It’s a milestone. We made it to 50 days in a row, y’all! I’ve written about 50 Prince songs since mid-April. Halfway to my original goal. 10% of the way to the ultimate goal…yikes. What other artist could you write about for 50 days in a row and think, “I’m only 10% of the way there?” Long live Prince! Let’s keep it going.
Prince was on top of the world in 1985. He was coming off of back-to-back platinum albums, a pile of Grammys and American Music Awards, an Academy Award, and a starring role in his own hit movie. Then he shocked the world by following up Purple Rain with Around the World in a Day. Around the World in a Day was such a creative left turn away from Purple Rain that a few million of the people who had made their way on to the bandwagon in recent years broke their ankles jumping back off. The fools that jumped off missed out on a brilliant album, but that’s their problem.
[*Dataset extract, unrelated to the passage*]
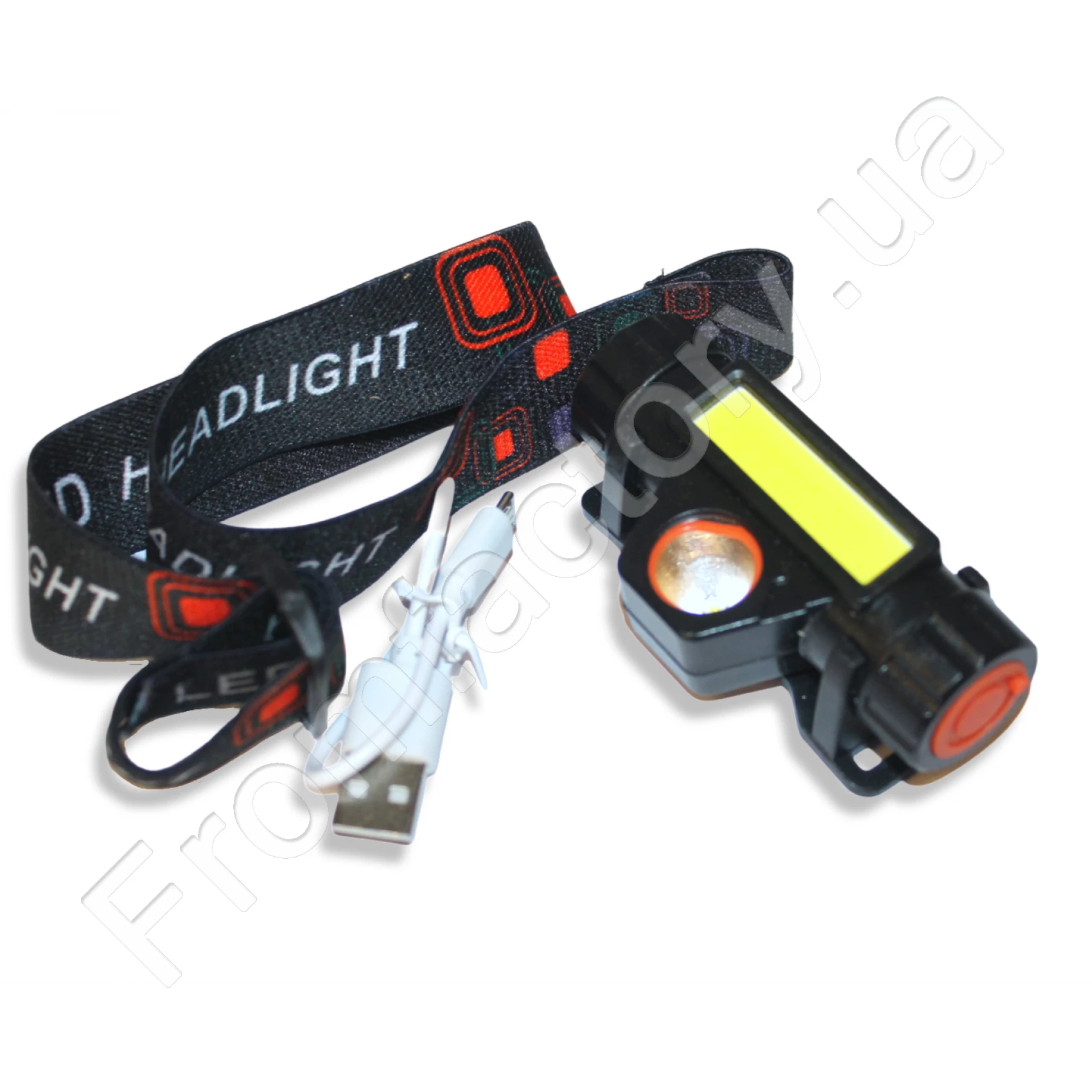 Ліхтарик налобний світлодіодний акумуляторний з магнітом №101 8см/4см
Nowhere on Around the World in a Day is Prince’s creative change more obvious than the third track: “Condition of the Heart.”
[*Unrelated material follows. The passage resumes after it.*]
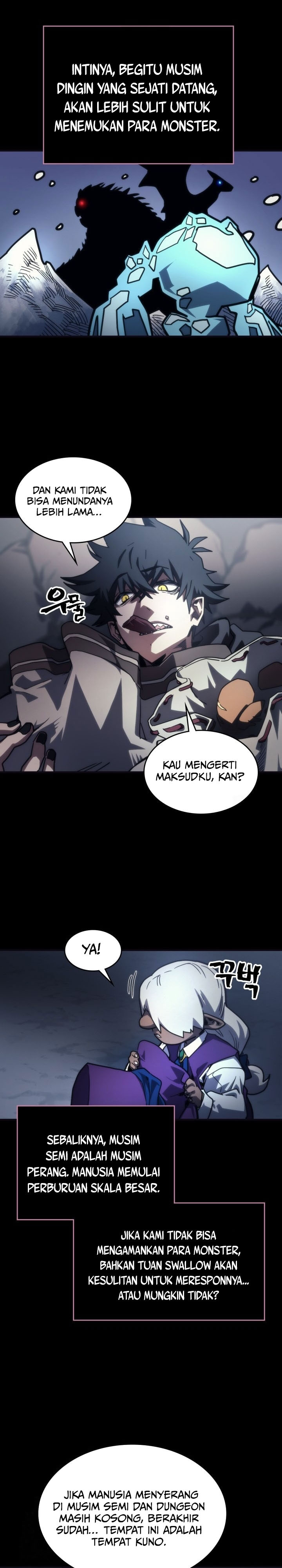 The Unbeatable Dungeon’s Lazy Boss Monster Chapter 105 Bahasa Indonesia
After listening to thousands of albums in my life, I think I have a pretty good idea what to expect. While this isn’t always the case, you typically believe an album will come out of the gate with some energetic tracks for the first 3-4 songs to keep the listener interested. Around the World in a Day starts that way with the title track and “Paisley Park” opening the album, two high energy songs. The fourth track is “Raspberry Beret,” one of his most beloved classics. The third track is an all-time head scratcher. “Condition of the Heart.” A grand 6:48 ballad recorded in October of 1984 by Prince alone in Los Angeles while the rest of The Revolution were in Minneapolis rehearsing for the Purple Rain tour. It’s not that “Condition of the Heart” isn’t good. It’s actually a breathtakingly beautiful song. It just doesn’t fit. It seems out of sequence. Every other one of the first seven songs is uptempo and catchy. It should be at the back end of the album with the other songs that fit alongside it. Instead it’s oddly stuck in the middle of an absolutely incredible run of high energy stuff. It’s kind of jarring when you listen to them in sequence. I promise you’ll be thinking to yourself, “This is messed up. Someone put this on shuffle, right?” I would love to understand Prince’s reasoning for putting this song where he did on the album. Prince is well-known for the amount of thought he put in to the sequence of songs on his albums. I wish I knew what he was thinking here. Maybe he was just trying to mess with people like me who expect something more normal.
That said, “Condition of the Heart” is a stunning song. Just not necessarily what I’m looking for when I listen to Prince. I’m going to admit with a fair amount of shame that I quite often skip this song to get to “Raspberry Beret,” “Tambourine,” “America,” and “Pop Life” when I’m listening to Around the World in a Day. He should’ve put this song at the end of the album.